This report is part of the capstone project within the Johns Hopkins Data Science Specialization offered by Coursera. It was developed in cooperation with SwiftKey, who build so-called smart keyboards abd are experts for predictive text models. While the ulitmate goal is to develop amd present a prediction algorithm that provides options for the next word when writing a text, this intermediate report aims at providing an overview of the available datasets and their major features.
More specifically, the goals are to:
The training data that is the basis for this report, can be downloaded from the Coursera Site. It contains text files from news, blogs and twitter messages in four languages (English, German, Russian, Finnish). For this exercise we will only consider English text files. As a first step, we have a look at the file and their size.
setwd("~/coursera/capstone/final/en_US/")
file.info(dir())[,1:2]
## size isdir
## en_US.blogs.txt 210160014 FALSE
## en_US.news.txt 205811889 FALSE
## en_US.twitter.txt 167105338 FALSE
Some basics statistics are provided in R by using the stringi package.
library(stringi)
blogs <- stri_read_lines("~/coursera//capstone/final/en_US/en_US.blogs.txt")
stri_stats_general(blogs)
## Lines LinesNEmpty Chars CharsNWhite
## 899288 899288 206824382 170389539
rm(blogs)
news <- stri_read_lines("~/coursera//capstone/final/en_US/en_US.news.txt")
stri_stats_general(news)
## Lines LinesNEmpty Chars CharsNWhite
## 1010242 1010242 203223154 169860866
rm(news)
Already from considering a subset of the actual data, it is possible to obtain information on word and bigram frequencies of the whole data set.
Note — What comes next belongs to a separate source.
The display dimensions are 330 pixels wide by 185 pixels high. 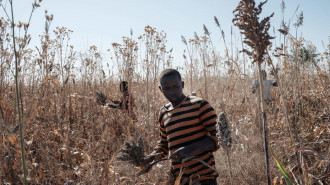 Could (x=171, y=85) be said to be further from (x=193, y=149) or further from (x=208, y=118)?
(x=193, y=149)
For this report, we choose a subset of 5000 lines per file.
connection <- file("~/coursera//capstone/final//en_US/en_US.twitter.txt", "r", encoding = "UTF-8")
myTwitter <- readLines(connection,5000)
close(connection)
connection <- file("~/coursera//capstone/final//en_US/en_US.blogs.txt", "r", encoding = "UTF-8")
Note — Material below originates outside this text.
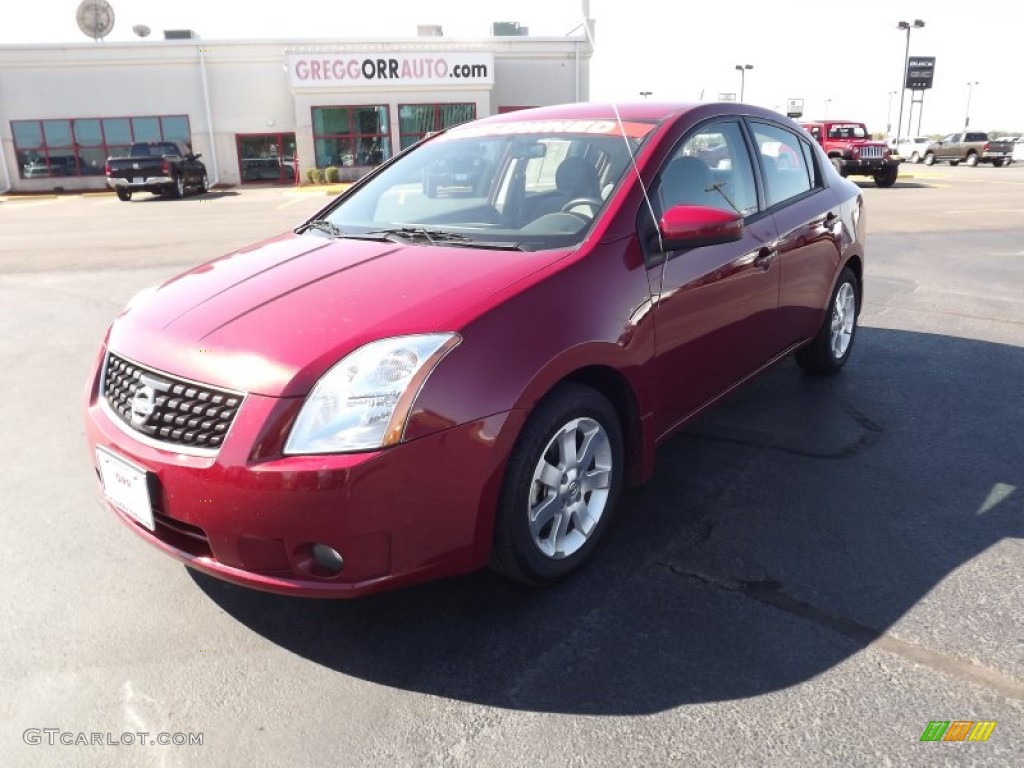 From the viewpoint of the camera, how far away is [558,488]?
Answer: 2816mm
myBlogs <- readLines(connection,5000)
close(connection)
connection <- file("~/coursera//capstone/final//en_US/en_US.news.txt", "r", encoding = "UTF-8")
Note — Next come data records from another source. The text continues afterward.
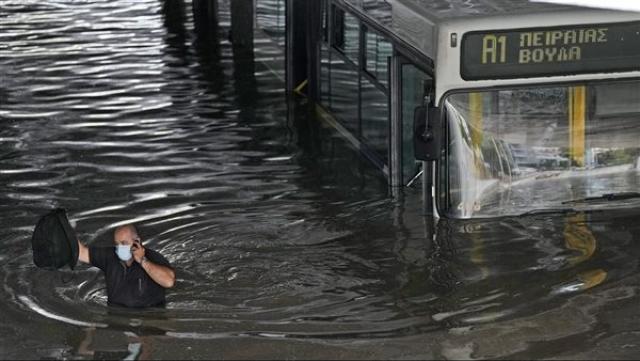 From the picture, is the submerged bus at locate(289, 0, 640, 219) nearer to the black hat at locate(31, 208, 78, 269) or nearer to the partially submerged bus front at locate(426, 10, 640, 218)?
the partially submerged bus front at locate(426, 10, 640, 218)

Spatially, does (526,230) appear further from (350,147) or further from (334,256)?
(350,147)

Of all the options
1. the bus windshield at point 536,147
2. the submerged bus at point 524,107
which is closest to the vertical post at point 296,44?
the submerged bus at point 524,107

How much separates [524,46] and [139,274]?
12.3ft

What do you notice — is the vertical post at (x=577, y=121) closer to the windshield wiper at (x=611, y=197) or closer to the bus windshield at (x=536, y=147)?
the bus windshield at (x=536, y=147)

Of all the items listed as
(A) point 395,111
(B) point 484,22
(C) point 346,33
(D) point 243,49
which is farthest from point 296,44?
(B) point 484,22

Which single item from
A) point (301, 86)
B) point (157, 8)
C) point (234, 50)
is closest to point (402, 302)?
point (301, 86)

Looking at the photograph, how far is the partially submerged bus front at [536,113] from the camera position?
A: 38.1ft

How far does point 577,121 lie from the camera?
12.0 meters

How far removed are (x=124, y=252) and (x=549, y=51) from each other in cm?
399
myNews <- readLines(connection,5000)
close(connection)
The tm package provides a very useful set of functions for text mining. After copying the files in one corpus, i.e. into one object database for text files, we perform some basic pre-processing steps for cleaning the files. For the moment, we choose to remove punctuations, to transform all content to lower cases and strip the lines of texts of any additional white spaces. We explicitly decide to leave numbers and stopwords, since they contain typical input when typing a text.
library(NLP)
library(tm)
myCorpus <- Corpus(VectorSource(myTwitter))
myCorpus <- tm_map(myCorpus, removePunctuation)
myCorpus <- tm_map(myCorpus, content_transformer(tolower))
myCorpus <- tm_map(myCorpus, stripWhitespace)
The same steps are performed for all three files.
In order to get familiar with the data, we transform each text file into matrices of frequent terms and bigrams.
tdm <- TermDocumentMatrix(myCorpus)
freq <- rowSums(as.matrix(tdm))
ordered <- order(freq)
freq[tail(ordered,n=10)]
## have your are this with that for and you the
## 333 334 335 358 368 531 800 911 1136 1959
The result for the most frequent terms is as expected consisting mostly of stopwords.
BigramTokenizer <- function(x)
unlist(lapply(ngrams(words(x), 2), paste, "", collapse = " "), use.names = FALSE)
tdm2 <- TermDocumentMatrix(myCorpus, control = list(tokenize = BigramTokenizer))
freq <- rowSums(as.matrix(tdm2))
wf <- data.frame(word=names(freq), freq=freq)
The same holds for the bigrams with a frequency of larger than 50.
library(ggplot2)
p <- ggplot(subset(wf, freq>50), aes(word, freq))
p <- p + geom_bar(stat="identity", fill="blue", colour="darkblue")
p <- p + theme(axis.text.x=element_text(angle=45, hjust=1))
p
In order to avoid memory and performance problems, I intend to do the pre-processing with python and to perform the final analysis in R. In order to get rid of misspelled words and wrong encodings, I will try to remove sparse bigrams and words that contain letters more than three times. In addition, a profanity dictionary will be used to remove the corresponding words.